Even if you are not using in-car wifi, you might be using an entertainment system, or your car might be updating apple car play software. All of these need the internet. And even if you are not actively using these features, unless the car manufacturer or chip manufacturer took the ‘necessary’ precautions (we will get to multiple reasons of why that is just not the case, and why necessary is in quotes), you are at risk!

I’ve broadly heard 2 opinions on this: 1) Yes, but this is all hearsay 2) I’ve been convinced, and you’ve strengthened my convictions of never getting behind an internet connected car. Both of these are not right or useful in my opinion. In the first case, this is just not true. Read below for a short history on connected vehicle hacking:
It all started in 2010. Atleast that’s as far back as I’ll go for this article, and it’s a good point to start. A group of researchers from UW and UCSD posed an interesting problem: for 80 years or so, automobiles have remained mostly static, containing an internal combustion engine, wheels, gearshift, throttle, and brake. However since the 1970’s, 10’s of millions of code have been introduced, spread among 50–70 independent computers, called Electronic Control Units (ECU’s). Why was this done? It started with California. California being the pioneer, started to introduce strict pollutant regulations, and it made sense to electronically monitor and dynamically adjust fuel/oxygen ratios- which had the added benefit of improving efficiency and being more cost effective. Thus the ECU was born. Back in the day, California was clearly allowed to pioneer auto emission rules, and it wasn’t such a controversy. Subsequently there was a boom in ECUs as manufacturers started to realize the benefits of electronically monitoring and controlling throttle, brakes, airbag deployments, entertainment, lighting, climate, so on and so forth.

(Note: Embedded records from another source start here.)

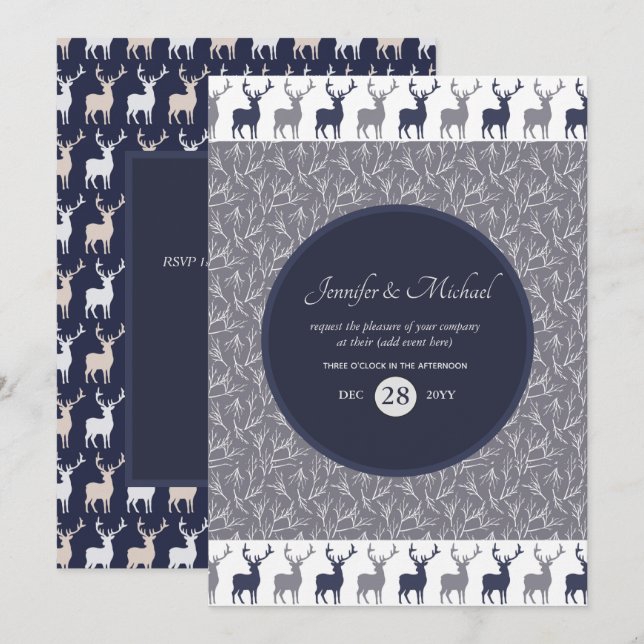 Manlig födelsedagsinbjudan Navy Blue STAG Vinterev Inbjudningar (Fram/baksida)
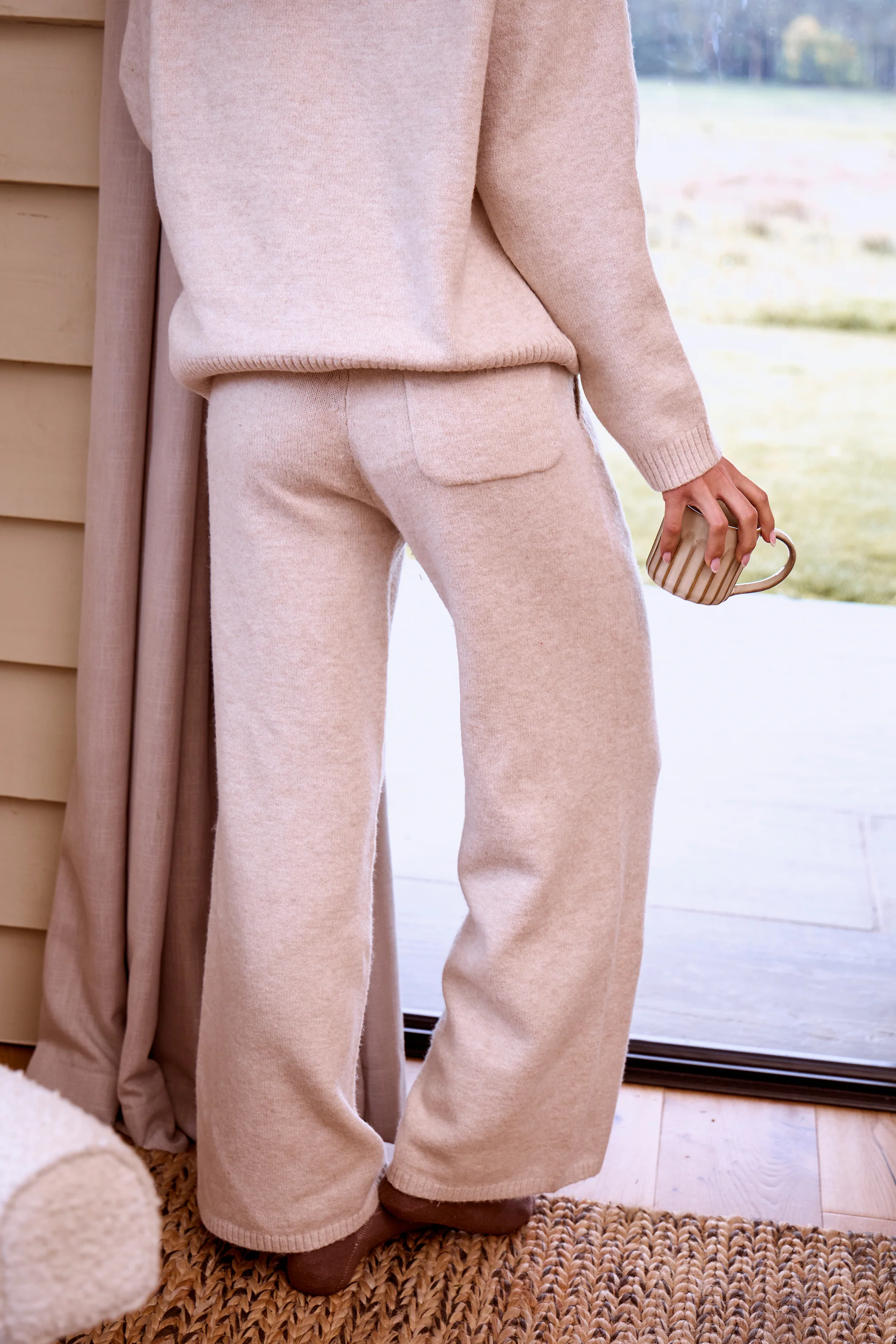 Kaiia Knit Wide Leg Trousers Oatmeal - Image 4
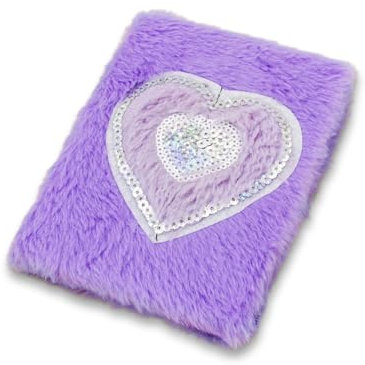 MultiValue Plush Journal, Colorful Heart Hardcover Notebook for Women Girls, Portable Small Pocket Plush Cute Hardback for Writers, Students (Purple)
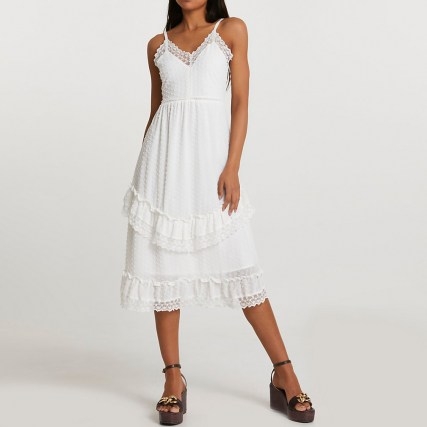 River Island Cream tiered slip dress | lace trim cami dresses - flipped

These ECU’s then could communicate with each other using a developed standard vehicle communication protocol, called the CAN bus. However, while the ECU and CAN systems were matured, it wasn’t designed to be secure from outside interference in the first place, which is what the 2010 paper posed: did these designs properly anticipate an adversary that could take control of your computers? And what could the possible damage be?
They did a bunch of experiments connecting a laptop to the OBD II port, and wrote a custom software, CARSHARK to communicate with ECUs through the OBD-II port. Ultimately, they found that they could send packets of data to ECUs without any authentication. More scary, was that through reverse engineering of what packets corresponded to what outcome, they were able to control the radio, even disable the engine, locked brakes and control the HVAC. A particularly scary scenario was the ‘Self-Destruct’ mode where they could display a 60 second countdown on the dash, and after that all functions seized and the car came to an abrupt halt. They showed that these attacks could in principle occur wirelessly, when another car could connect to the laptop in the test car, that in turn was connected to the OBD II port.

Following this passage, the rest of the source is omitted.